Romanische Kirchen waren immer innen ausgemalt und besaßen auch außen einen Anstrich. Ohne Malerei zeigt sich uns heute ein romanischer Kirchenbau eigentlich nur noch als „Skelett eines ursprünglichen Organismus“.
Auch die Wände der Kirche in Stapelmoor werden vollständig mit Wandmalereien bedeckt gewesen sein. Vielleicht waren es – wie in vielen Kirchen der damaligen Zeit – Heilige, deren Darstellung die Kirchenwände schmückten. So findet man oft den Heiligen Christophorus mit dem Jesuskind auf den Schultern oder in Italien Sankt Franziskus, den „Lieblingsheiligen“ der Italiener. Oder an der Westwand – der „weltlichen Seite“ der Kirche – die drastische Darstellung des Jüngsten Gerichts, die dem Gläubigen die Folgen seines Tuns im Diesseits mit auf den Weg gab.

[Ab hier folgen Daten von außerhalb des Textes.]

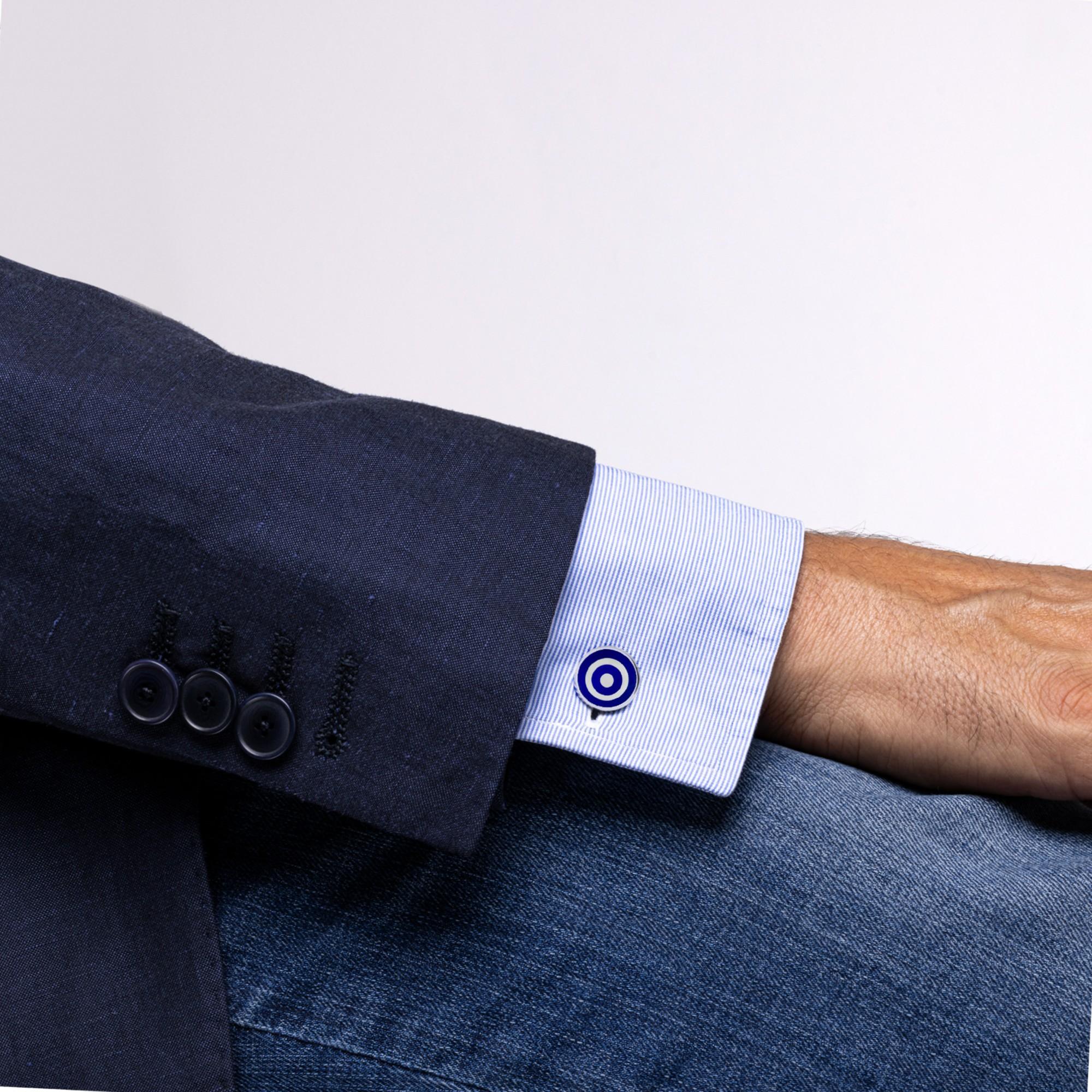 Alex Jona design collection, hand crafted in Italy, rhodium plated Sterling Silver cufflinks with blue enamel. These cufflinks feature a T-Bar fastening, aiding in easy use and confidence that they'll stay secured to your shirt. Diameter: 0.63 in /
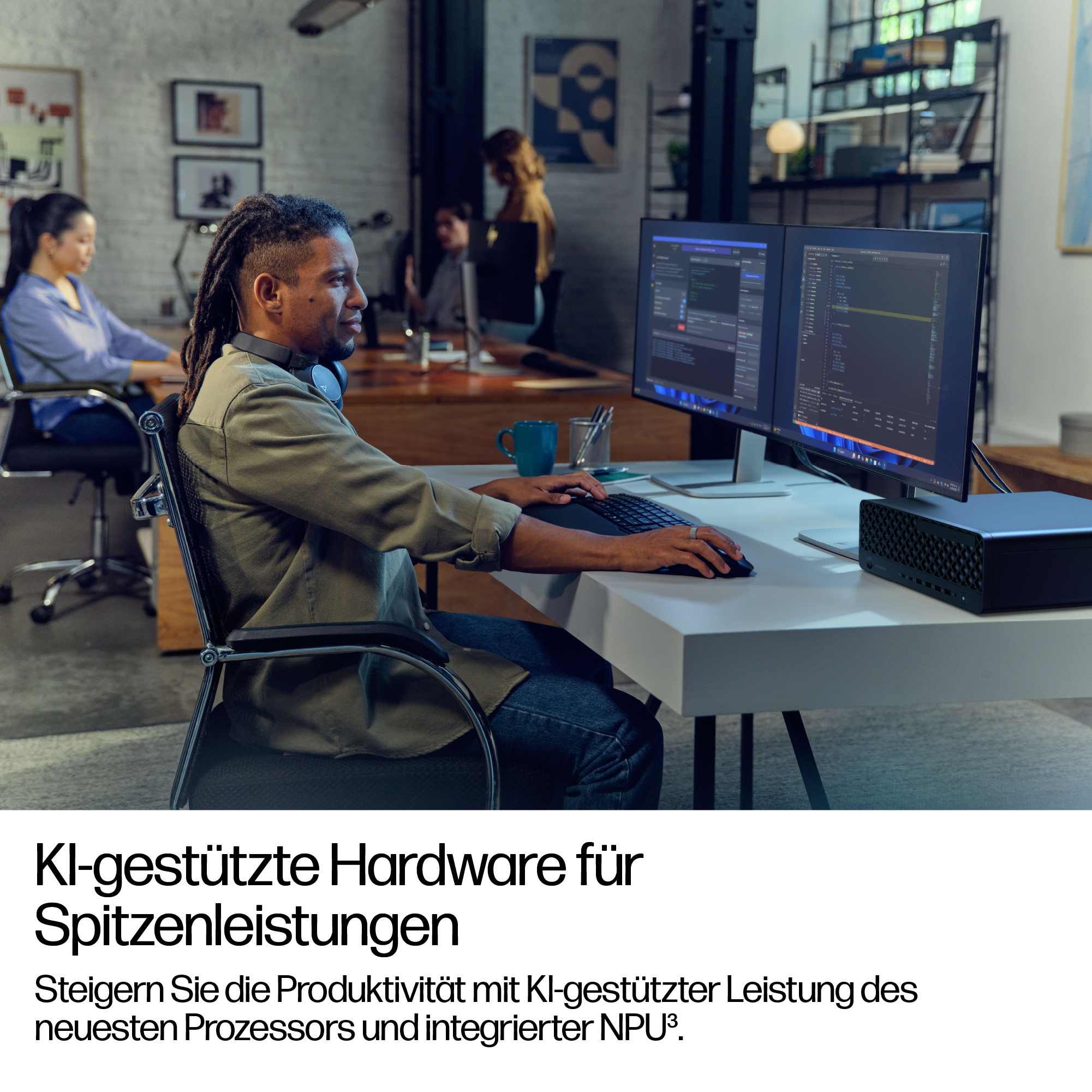 Ein Mann mit Dreadlocks arbeitet an einem Schreibtisch mit zwei Monitoren, einer Tastatur und einem schwarzen Computer. Andere Leute sind im Hintergrund.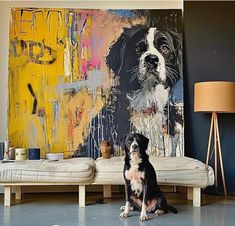 a black and white dog sitting on the floor next to a couch in front of a painting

In Stapelmoor waren, wie in fast allen ostfriesischen Kirchen, die Malereien an den Wänden und in den Gewölben verschwunden – bis man Reste von ihnen 1964 unter der weißen Tünche wieder fand und anschließend restaurierte. Zwar ist nur noch ein Bruchteil dessen zu sehen, was einst vorhanden war, aber auch diese Reste können uns heute einen Eindruck von dem verschaffen, was das Innere der Kirche einst barg: eine Malerei, die in ihrer Vielfalt und symbolischen Bedeutung voller Spannung war und deshalb auch noch heute die Aufmerksamkeit des Betrachters erheischt.

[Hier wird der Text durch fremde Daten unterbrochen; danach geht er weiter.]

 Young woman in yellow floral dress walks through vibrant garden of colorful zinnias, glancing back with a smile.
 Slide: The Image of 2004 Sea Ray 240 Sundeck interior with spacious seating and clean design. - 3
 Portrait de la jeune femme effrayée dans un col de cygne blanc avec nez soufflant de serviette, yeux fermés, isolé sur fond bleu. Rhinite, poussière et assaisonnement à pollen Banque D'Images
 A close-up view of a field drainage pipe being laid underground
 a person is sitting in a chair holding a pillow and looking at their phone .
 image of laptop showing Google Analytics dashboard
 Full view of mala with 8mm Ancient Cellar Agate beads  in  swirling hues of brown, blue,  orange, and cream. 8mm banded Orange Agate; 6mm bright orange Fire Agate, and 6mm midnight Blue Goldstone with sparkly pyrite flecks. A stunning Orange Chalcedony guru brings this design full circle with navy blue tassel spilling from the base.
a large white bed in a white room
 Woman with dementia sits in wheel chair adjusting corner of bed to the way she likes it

Was zu sehen ist, scheint sich auf den ersten Blick zu erschließen: verschiedene Muster, die sich in den Gewölben wiederholen und abwechseln und die sich zu einem interessanten farbigen „Patchwork“ ergänzen.
Nun ist es aber so, dass in der mittelalterlichen bildlichen Darstellung eine Symbolik verborgen war, die sich uns nicht mehr erschließt: Pflanzenornamente, geometrische Formen und gar figürliche Darstellungen wurden nicht willkürlich vom Maler gewählt, weil er sie schön fand, sie waren vielmehr „bildliches Echo der Liturgie“. Der mittelalterliche Mensch verstand, was gemeint war, wurde belehrt und gestärkt durch die tiefere Bedeutung der Bilder. Lesen konnte er vielleicht nicht, aber Bilder deuten, die sich uns heute verschließen wie Buchstaben eines Alphabets, das wir nie lernten.

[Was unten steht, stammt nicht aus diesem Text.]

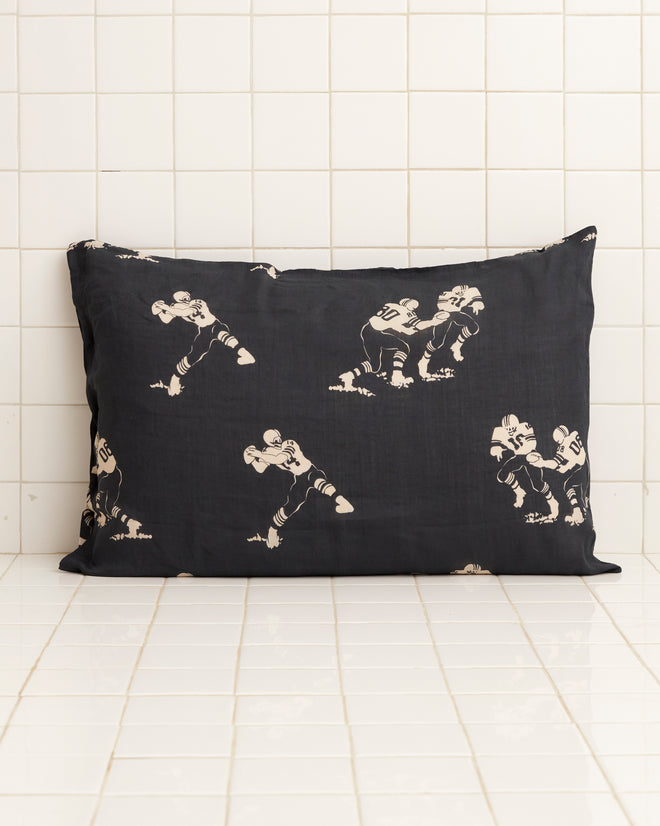 The Football Silhouette Pillowcases - Black/Cream feature white, hand-embroidered illustrations of football players in various action poses against a black, tiled backdrop.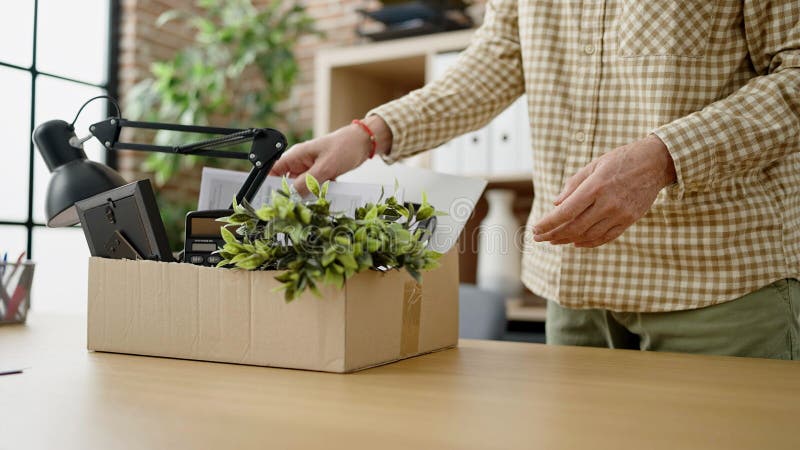 Middle age man business worker dismissed putting document on cardboard box at office. Middle age man business worker dismissed putting document on cardboard box at office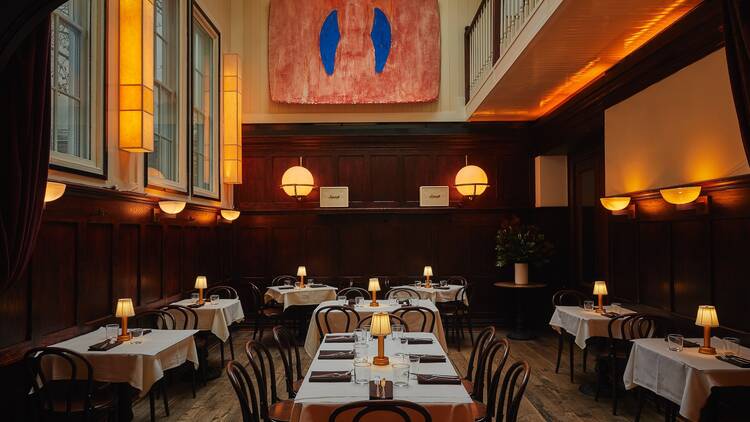Interior of F&F Restaurant and Bar with dark wood and white tablecloths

In einigen Beispielen sei hier eine Erklärung gegeben zum tieferen Verständnis oberflächlich gesehener Darstellungen:
Immer wieder, vor allem im südlichen Gewölbe, taucht die stilisierte Lilie auf. Blumen waren beliebte Symbole der mittelalterlichen Malerei. Auch in der Renaissance finden wir auf vielen Gemälden christlicher Themen Darstellungen von Blumen. Was auf den ersten Blick wie Dekoration wirkt, ist in Wirklichkeit mit Bedacht gewählt: In einem Blumenstrauß, der auf einem Gemälde von Maria mit dem Jesuskind dargestellt ist, deutet ein Veilchen z.B. auf die Kreuzigung hin. Und eine Lilie bei der Verkündigung erzählt von der Reinheit und Keuschheit Marias. In der Bauornamentik ist die stilisierte Lilie das Gnadensymbol. Sie erscheint auch als formelhafte Verkürzung des Symbols des Lebensbaumes. Dieses Motiv steht für den „Baum des Lebens“ als Erlösungsmotiv. Er hat aber auch die Bedeutung des „Baumes der Erkenntnis“, der durch den Sündenfall zum „Baum des Todes“ wird. Wenn man die Blätterranken im Gewölbe betrachtet, kann man eine gewisse Ähnlichkeit mit dem Rankenfries am Taufbecken feststellen. Dort finden sich zwischen den Blättern stilisierte Weintrauben und wenn man genau hinsieht, kann man diese auch zwischen den Ranken im Gewölbe entdecken. Was liegt hier näher, als an das Wort Jesus zu denken: „Ich bin der Weinstock, ihr seid die Reben“. Die einzige figürliche Darstellung in den Gewölben ist eine Gestalt mit menschlichem Kopf und Tierkörper. Sie trägt eine merkwürdige Zipfelmütze und hat Flügel. Diese Figur scheint der griechischen Sagenwelt entliehen zu sein: eine Harpyie vielleicht, eine griechische Unheilsdämonin. Die hat aber eigentlich einen Vogelkörper. Oder ein Silen, ein Mischwesen aus Pferd und Mensch, ein Fruchtbarkeitsdämon. Aber der dürfte dann keine Flügel haben. Aus der antiken Mythologie entlehnte Dämonen finden wir in der mittelalterlichen Darstellung öfter. Auf Taufbecken, im Wandfries der Kirche von Marienhafe, als Wasserspeier an gotischen Kirchen. Sie stellen das Böse dar, das durch das christliche Evangelium überwunden wird. Sicher haben sich in den Gewölben noch andere rätselhafte Wesen getummelt, die nun jedoch auf immer verloren gegangen sind.
Text: Monika van Lengen
Ev.-ref. Kirche Stapelmoor
Hauptstraße 65
26826 Weener-Stapelmoor
Am Rande von Timmel, das als “Timberlae” schon um das Jahr 900 bekannt war, steht auf einer Warf der lang gezogene, von einem Tiroler Baumeister entworfene Kirchenbau von 1736 mit seinen Fenstern im gotischen Stil und dem Glockenturm, der 1850 angebaut wurde. Bevor dieser Bau entstand, gab es an derselben Stelle zwei Vorgängerkirchen. Bei Grabungen 1976 stieß man auf Brandspuren einer Holzkirche. Darüber entstand im 13. Jahrhundert eine Backsteinkirche, die im 18. Jahrhundert wegen Baufälligkeit abgerissen werden musste.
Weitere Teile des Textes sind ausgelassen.